If this is not enough please give me some pointers and I will try to do an analysis that fits the project.

lmpn · 2023-10-26T22:37:34Z

@djc I've decided to expose the mtu from the connection.
If there is already an approach to retrieve or calculate such value tell me 🙏

djc · 2023-10-27T09:15:50Z

So this shows as a ~18% regression for small_data_100_streams? That seems bad -- and surprising...

lmpn · 2023-10-27T14:23:19Z

So I've executed cargo bench 10 times for main and this branch and compared the times(image below)

There is indeed a regression (on average) for large_data_1_stream and small_data_100_streams, 3% and 6% respectively.

Ralith

Exposing the MTU makes sense to me; other quinn-proto users will want it for the same reason.

quinn-proto/src/connection/mod.rs

Ralith · 2023-10-27T17:59:31Z

@lmpn I'm having some difficulty reading your chart screenshot. Are the 4 aggregated figures for each separate test, in order? So there's a 20% speedup in small_data_1_stream? That's confusing since the original single run you posted indicated no change there, and a similar speedup in small_data_100_streams. That original run also indicates a very high variance, so maybe this data is too noisy to be meaningful anyway. I'll try to get some of my own numbers to compare.

We should be able to get identical performance to main by having the quinn layer create a fresh BytesMut for each poll_transmit call, right?

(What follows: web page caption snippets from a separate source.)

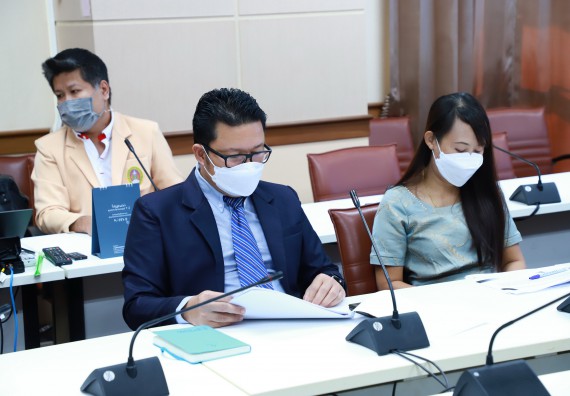 ภาพกิจกรรม  มหาวิทยาลัยราชภัฏกำแพงเพชร โดยคณะวิทยาศาสตร์และเทคโนโลยี ได้ตกลงลงนามในสัญญา เพื่อพัฒนาแอปพลิเคชั่น ชื่อ Casava Management System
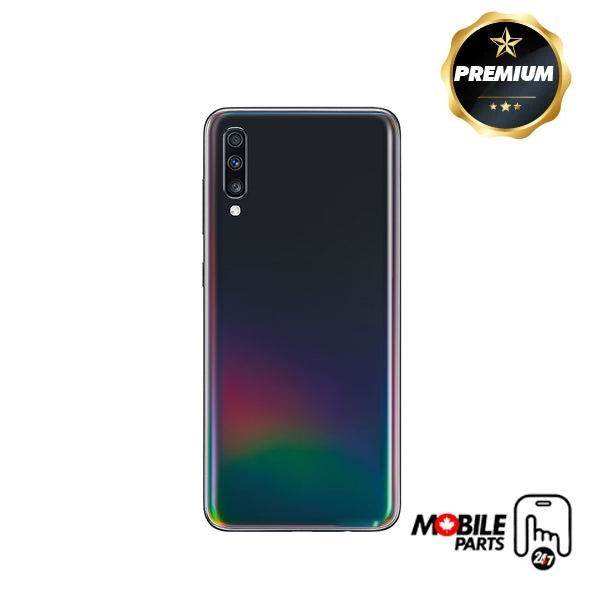 Samsung Galaxy A70 Back Cover with camera lens (Black)
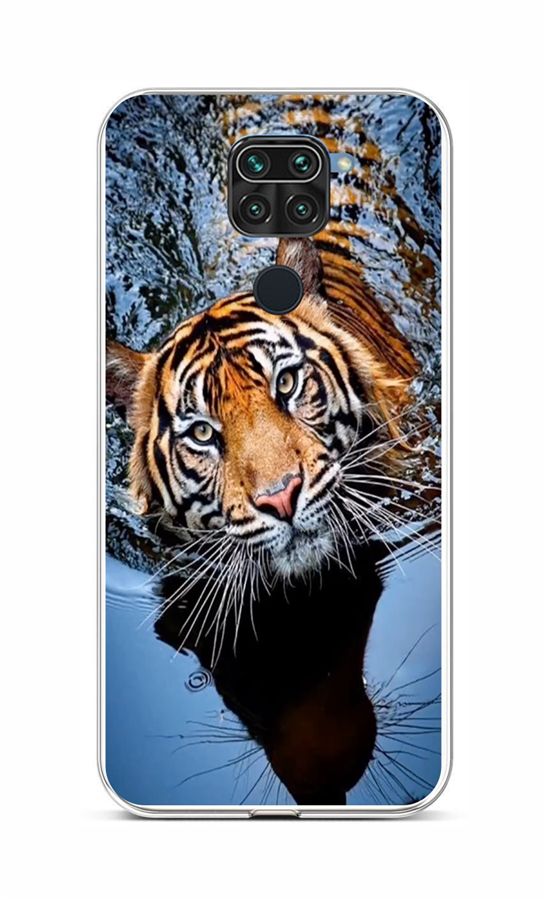 Zadní silikonový kryt na Xiaomi Redmi Note 9 Tygr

lmpn · 2023-10-28T14:09:43Z

Sorry for the bad image. Check the one below and tell me if it is clearer.
The speedups are calculated as (1-main_time/poll_transmit_pre_alloc_time)*100

The single run showed 18% regression for small_data_100_streams. I assumed this was because there is too much noise/bad run and because I'm running in my own computer, thus, I took 10 runs of each branch.

As you can see above I calculated the speedup for the:

average of all times
max of all times
min of all times
top 3 (average of the 3 lowest times)
top 5 (average of the 5 lowest times)

Even with noise this values show:

small_data_1_stream has improved in every scenario
there is a regression for large_data_1_stream / small_data_100_streams
(I think) large_data_10_streams the difference seems negligible.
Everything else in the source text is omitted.